Is there a command to explicitly force a reindex of ALL indices?

We have been running on 3 alphas and 3 zeros distributed without issues in the past, we have a kubernetes setup and really powerful nodes and havent had an issue like this on v21.12.0.

Could there be something wrong with the other two alphas? The logs seem ok and are not reporting much. I tried to scale down and scale back up to see if it resolves but the alpha chokes like 30 mins later (and is fine for the first 30).

Any ideas what to look for? Is there some pending live load process maybe?

I think I figured out how to get live loading working on the older cluster that is on v21.12 so will let you know if I see the same issues (also on a 3 alpha, 3 zero setup seemingly well distributed)

Thank you so much for all of the help and time!

In high load 24/7?

I can’t tell without some time looking into it.

That should not be the case. Liveload is just a small program that uses Dgo. It would be the case if the operations, protobufs and RDF changes. Some incompatible function or API.

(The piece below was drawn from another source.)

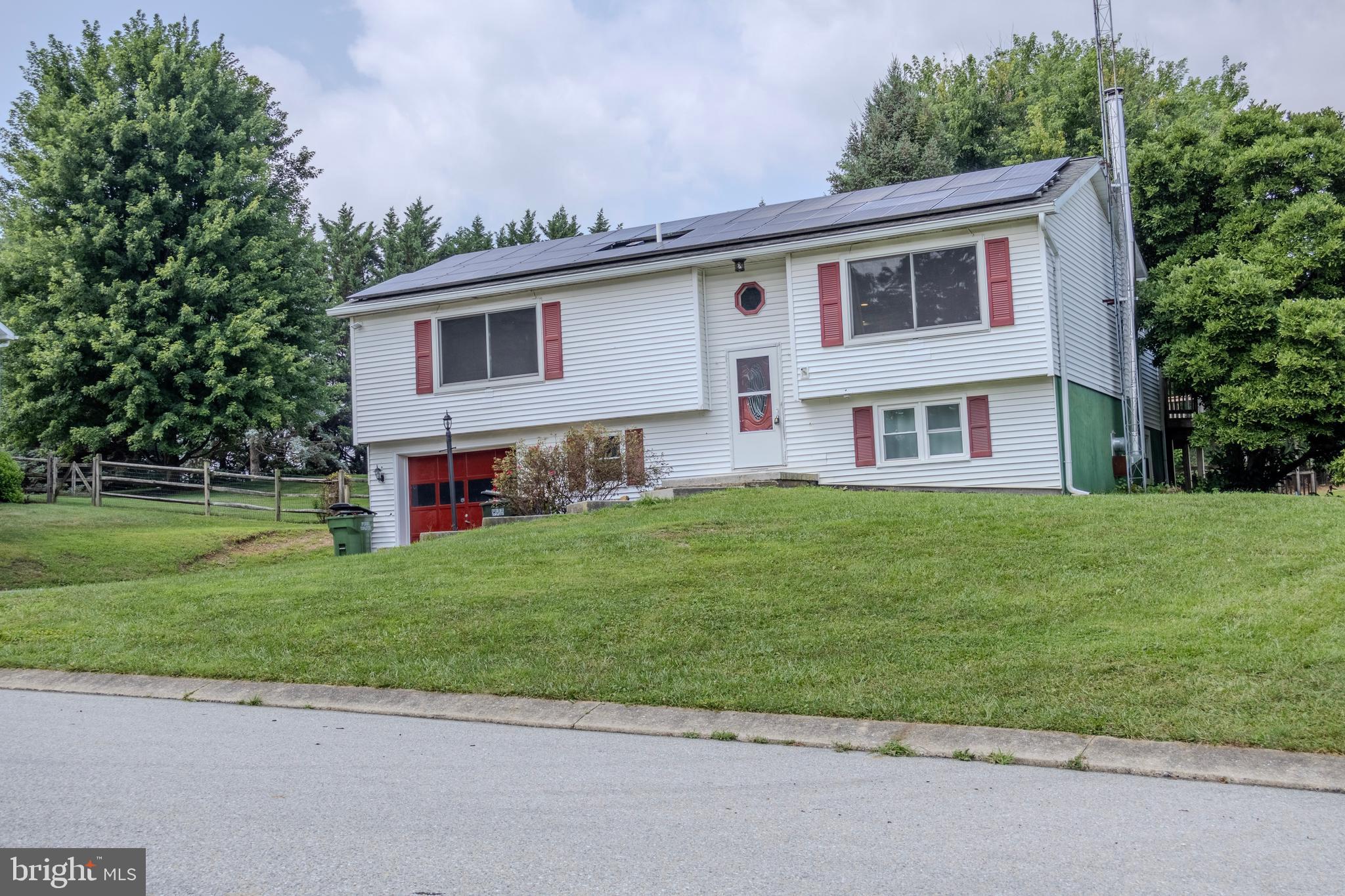 273 SMEACH DRIVE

Is that replica? or 3 groups?

  1. Not in high load 24/7, load seems to be internally manifesting right now and the reason it is choking and not because of external load. Though the individual requests are large, there is not a ton of them. Could be the large size of the requested data choking the alphas?
  2. I only mention live loading on v21.12 because we were running out of memory and why we upgraded, but seems I found parameter tweaks that are helping this
  3. I am not totally clear on the difference between replicas and groups, but we only have one group and looks like 3 replicas?

how big? and what are the stats of your machines? Each Alpha has its own env? or they share the same host?

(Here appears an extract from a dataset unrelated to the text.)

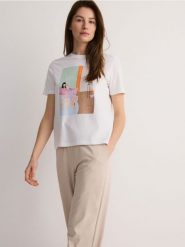 T-shirt regular z nadrukiem - złamana biel. T-shirty damskie Reserved, l, bez wzorów, z bawełny, bez kołnierzyka. W wyprzedaży za 15.99 zł.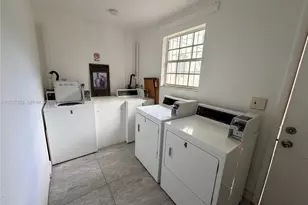 426 NE 77th St, Miami, FL 33138 - Photo 15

Did you OOM locally with the Liveload or the cluster gets OOM?

Yes. If you have one group. You have Replica=3 config.

See. Everything that you do in one of the Alphas are replicated immediately to the other Alpha’s cuz that’s how replica works. If they are in the same host. This means that you will have the triple of usage in resources. If you separate them into their own machines. This will reduce choking.

Thanks for the detailed description.

They are all on separate hosts: We upgraded to m5.16xlarge for loading, which are pretty large
OOM locally with live load process but see all three alphas hit 256gb, on default settings of like 10 concurrency, and 1000 quads which i dropped down to 2 and 100 and no OOM.

So, this solves the local live load OOM right? What happen to the Alphas itself? In the previous load that you got this OOM and log compaction.

I think all the live loads we ran that disconnected from the job are still in queue and being applied. Can we tell if a live load is running?

Heres the default values txn-abort-after=5m; max-retries=-1;max-pending-queries=10000" of all clusters. Based on this, any transaction that fails will have at least one retry(liveloader that will retry). If that retry fails again it will abort if it stay in the pending transaction after 5 minutes.

Liveloader is a program. If it breaks/panics it stops completely. But the transactions that went through will pass in that steps I mentioned above.

Well we rebuilt both clusters, current and new version from scratch, with the tweaked live load settings we were able to get our indices back and the clusters are stable and responsive.

Its not ok that we had to rebuild our entire 200GB db, but seems the only way to get dgraph actively normally again. Hoping we can find ways to avoid this in the future.

Thanks for all of the help and support